Les travaux d’aménagement du château ne s’étaient pas limités à son intérieur. Si la façade elle-même n’avait pas reçu de sensibles modifications — dont la plus importante fut toutefois la suppression des grilles qui fermaient les arcades de la galerie située au rez-de-chaussée entre le pavillon de l’Unité et l’ancien pavillon de Bullant, et la construction de piédestaux en pierre blanche dans ces arcades — ,il n’en était pas de même pour les trois cours, dont les murs et les baraques avaient été ruinés par l’incendie du 10 août 1792, puis remplacés par une palissade. Gisors fut autorisé à la supprimer en juillet 1793 pour élever à sa place un muret destiné à recevoir une nouvelle clôture. Celle-ci fut constituée de cinq grilles attachées bout à bout et prises au château, à l’église et au marché de Rambouillet, mais ne fut terminée que six ans plus tard. Dans les cours furent plantés mille tilleuls apportés de Versailles.

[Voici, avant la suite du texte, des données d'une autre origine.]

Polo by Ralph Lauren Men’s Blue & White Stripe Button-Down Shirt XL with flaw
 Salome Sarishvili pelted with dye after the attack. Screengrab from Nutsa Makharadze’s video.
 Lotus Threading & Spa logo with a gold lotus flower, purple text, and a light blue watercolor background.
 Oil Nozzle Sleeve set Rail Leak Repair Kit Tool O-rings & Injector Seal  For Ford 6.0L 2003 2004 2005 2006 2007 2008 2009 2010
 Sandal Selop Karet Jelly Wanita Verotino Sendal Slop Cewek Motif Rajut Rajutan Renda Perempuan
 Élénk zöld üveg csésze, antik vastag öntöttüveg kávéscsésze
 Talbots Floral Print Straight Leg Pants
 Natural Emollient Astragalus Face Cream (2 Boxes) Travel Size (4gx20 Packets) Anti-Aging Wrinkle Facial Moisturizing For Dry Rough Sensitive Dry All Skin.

Quinquets et réverbères assuraient l’éclairage intérieur et extérieur du château, ceux des corridors brûlant jour et nuit. Si l’arrivée de la famille royale en avait déjà augmenté le nombre, les travaux d’aménagement de la nouvelle salle avaient porté celui des réverbères à quatre cent soixante-dix-sept. Au mois de juin, cinq réverbères supplémentaires furent placés dans la cour, cinq dans le jardin et six dans le château. La consommation de chandelles par les comités et leurs bureaux devenant par ailleurs considérable, il fut décidé de ne plus s’éclairer qu’à l’huile et la bougie, le suif n’étant plus utilisé que pour les illuminations exceptionnelles.

Dans une lettre du 22 brumaire an II (12 novembre 1793), adressée au président de l’Assemblée, le ministre Garat résuma le « tableau général des dépenses faites et à faire pour compléter l’établissement de la Convention au palais National. » Ces dépenses s’élevaient au total à 1.260.534 livres, réparties de la façon suivante : 350.239 livres pour la démolition de l’ancienne salle de spectacles et la construction de la nouvelle salle des séances ; 235.831 livres pour l’établissement des comités et de l’imprimerie ; 293.964 livres pour la construction du corps de garde au rez-de-chaussée, du salon de la Liberté et de l’antisalle, la réparation des combles, des croisées et du grand escalier et l’établissement du Comité de salut public, de ses bureaux et des différentes commissions ; enfin, 380.500 livres pour les travaux relatifs à l’extérieur du château, comme le mur d’appui de la grille, la plantation des arbres, la construction des ventilateurs et l’établissement d’un canal de salubrité sous la salle des séances de l’Assemblée.